Rebecca Trachsel has been at the helm for the lionshare of the girls XC domination at Lex, and her teams always seem to be in the mix. That being said, so do Hagen’s, as Billerica never seems to be very far from the podium. Consider this stat, since those NS/LS battles in 2009, there have been 15 D1 state championship meets. These are the schools with the most top 10 finishes:

1) Lexington 10

2) Weymouth 9

             2) Needham 9

             4) Billerica 8

             4) Wellesley 8

6) Concord-Carlisle 7

6) Newton North 7

6) Lowell 7

9) Lincoln-Sudbury 6

9) Oliver Ames 6

Hey, look at that team at #2, how’d those guys get in there!?! But seriously, I’d hate to be a team with a good young core coming up in the next two years and have to contend with Lexington and Billerica (oh man!). They’re both young, deep, talented, have an unbelievable feeder system, and are extremely well-coached. Hagen and Trachsel will both soon be MSTCA Hall of Famers because they are steady hands who get their athletes ready to take a November leap each year. Neither team is ranked in the top 5 in the Northeast region, and yet both could make it to Portland. The teams ranked ahead of them came out like gangbusters in the late summer, while Lexington and Billerica played the long game, and are just now moving into their peaks.

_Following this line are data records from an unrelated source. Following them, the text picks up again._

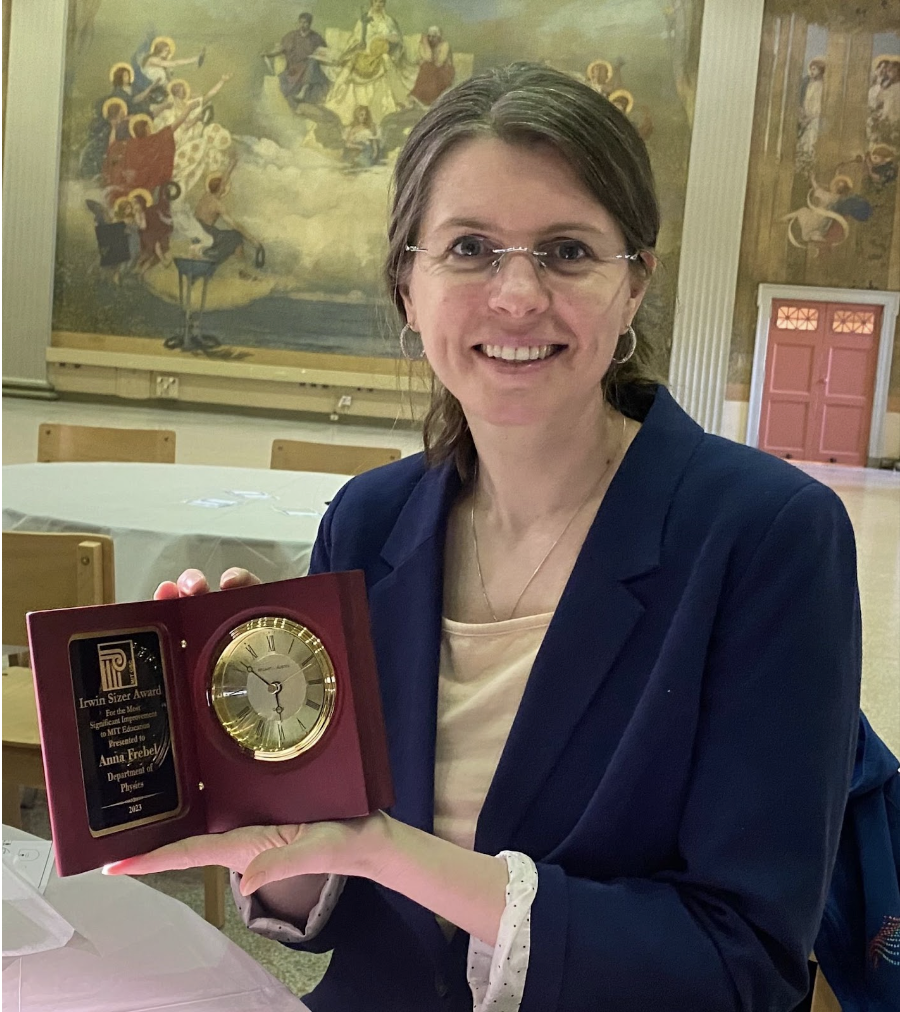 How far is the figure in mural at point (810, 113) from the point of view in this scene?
537 inches

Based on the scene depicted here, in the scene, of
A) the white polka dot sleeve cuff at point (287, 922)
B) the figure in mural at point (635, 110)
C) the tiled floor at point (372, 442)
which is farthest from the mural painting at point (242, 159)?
the white polka dot sleeve cuff at point (287, 922)

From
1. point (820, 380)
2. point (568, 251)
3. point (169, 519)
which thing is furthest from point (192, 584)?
point (820, 380)

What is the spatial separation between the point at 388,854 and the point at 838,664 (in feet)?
1.74

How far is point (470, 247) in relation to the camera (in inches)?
51.6

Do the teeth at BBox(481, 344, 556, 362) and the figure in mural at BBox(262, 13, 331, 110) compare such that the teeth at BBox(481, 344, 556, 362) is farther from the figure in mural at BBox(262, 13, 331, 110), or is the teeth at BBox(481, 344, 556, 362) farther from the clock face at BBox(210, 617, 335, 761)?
the figure in mural at BBox(262, 13, 331, 110)

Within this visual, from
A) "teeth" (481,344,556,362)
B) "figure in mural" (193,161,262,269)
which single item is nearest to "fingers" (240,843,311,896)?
"teeth" (481,344,556,362)

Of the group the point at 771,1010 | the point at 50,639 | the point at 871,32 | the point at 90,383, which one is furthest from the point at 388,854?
the point at 871,32

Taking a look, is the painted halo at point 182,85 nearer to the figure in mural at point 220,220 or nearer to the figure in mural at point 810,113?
the figure in mural at point 220,220

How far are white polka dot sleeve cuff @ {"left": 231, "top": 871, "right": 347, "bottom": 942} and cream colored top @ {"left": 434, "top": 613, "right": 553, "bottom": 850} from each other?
0.53 ft

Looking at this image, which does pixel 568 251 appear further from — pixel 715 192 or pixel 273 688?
pixel 715 192

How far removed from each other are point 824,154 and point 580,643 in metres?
14.4

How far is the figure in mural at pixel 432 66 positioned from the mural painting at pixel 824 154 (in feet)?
13.1

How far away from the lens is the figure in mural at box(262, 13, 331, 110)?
12.9 metres

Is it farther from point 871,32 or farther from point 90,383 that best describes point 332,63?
point 871,32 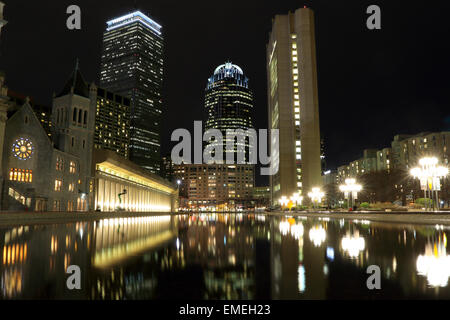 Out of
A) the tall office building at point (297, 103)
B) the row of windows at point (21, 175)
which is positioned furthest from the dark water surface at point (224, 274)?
the tall office building at point (297, 103)

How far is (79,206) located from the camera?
52.6 meters

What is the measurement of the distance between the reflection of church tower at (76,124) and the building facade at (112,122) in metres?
127

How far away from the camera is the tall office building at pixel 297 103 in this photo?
115625 mm

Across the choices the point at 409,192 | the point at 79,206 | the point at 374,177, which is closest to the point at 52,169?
the point at 79,206

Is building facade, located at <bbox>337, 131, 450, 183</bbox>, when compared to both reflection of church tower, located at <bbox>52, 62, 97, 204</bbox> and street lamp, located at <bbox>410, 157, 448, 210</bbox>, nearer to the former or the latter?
street lamp, located at <bbox>410, 157, 448, 210</bbox>

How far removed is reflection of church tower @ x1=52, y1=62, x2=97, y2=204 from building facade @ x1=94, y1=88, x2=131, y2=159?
12689cm

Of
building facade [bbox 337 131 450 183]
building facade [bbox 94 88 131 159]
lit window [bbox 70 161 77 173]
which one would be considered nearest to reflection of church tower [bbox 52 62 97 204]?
lit window [bbox 70 161 77 173]

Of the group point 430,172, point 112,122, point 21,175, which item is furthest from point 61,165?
point 112,122

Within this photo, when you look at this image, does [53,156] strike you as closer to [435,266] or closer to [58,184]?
[58,184]

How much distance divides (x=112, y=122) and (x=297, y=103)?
114 metres

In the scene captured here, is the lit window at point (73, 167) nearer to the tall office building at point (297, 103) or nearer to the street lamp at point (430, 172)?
the street lamp at point (430, 172)

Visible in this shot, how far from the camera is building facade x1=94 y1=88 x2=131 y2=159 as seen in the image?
180m

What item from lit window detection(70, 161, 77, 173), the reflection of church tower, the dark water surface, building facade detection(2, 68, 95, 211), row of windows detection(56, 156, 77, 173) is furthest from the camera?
the reflection of church tower
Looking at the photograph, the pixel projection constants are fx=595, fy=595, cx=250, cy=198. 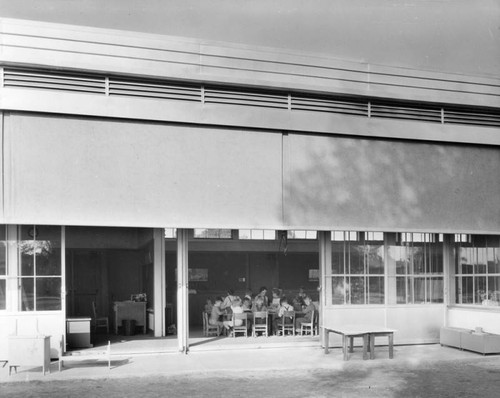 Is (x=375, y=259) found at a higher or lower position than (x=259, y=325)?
higher

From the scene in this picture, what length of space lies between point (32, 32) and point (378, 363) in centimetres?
942

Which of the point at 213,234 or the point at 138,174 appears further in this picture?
the point at 213,234

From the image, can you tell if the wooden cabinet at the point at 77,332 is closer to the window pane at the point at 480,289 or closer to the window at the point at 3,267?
the window at the point at 3,267

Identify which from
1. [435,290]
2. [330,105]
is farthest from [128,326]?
[435,290]

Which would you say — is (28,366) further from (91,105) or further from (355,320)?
(355,320)

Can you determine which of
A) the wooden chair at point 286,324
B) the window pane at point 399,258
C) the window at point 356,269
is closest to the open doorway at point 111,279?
the wooden chair at point 286,324

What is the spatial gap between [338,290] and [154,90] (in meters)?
6.22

So, I hinted towards this question at the beginning of the article, and will do my best to answer it: “are Lexington and Billerica the two best teams of all time?”. The answer is, sort of, no. Well, actually, it’s not yet. It’s so difficult to compare courses, and although I think Franklin Park and Devens are quite similar on time, I’d estimate FP is maybe 10 seconds faster than Willard. Both have difficult hills at similar places in the race, Bear Cage coming at a midpoint that makes it death-defying, and “The Slide” (we have to name that thing) is so steep going up and down it wrecks the rhythm of the race heading into the final mile. I give Franklin the time edge just because of the nature of the trails. FP is mostly hard packed dirt and on a fast day can zoom. Willard is grass, and fairly uneven, so it’s hard to gain momentum, even on flat sections.

So given all of this, I would say Lexington probably is the greatest team ever right now, but to truly unseat the NS-LS juggernaut of 2008, it takes two, and Billerica is just a shade off the 2008 dynamos. If McGowan were healthy all season, they almost surely would have been closer to Lexington yesterday, and likely would have beaten them, but those “if”’s are always present. With virtually all of the key players returning, we should be in for a real treat for at least next year, if not well into the future. Apologies to Brookline, BLA, Parker Charter, and Greater Lowell, but that’s what my eyes were fixated on.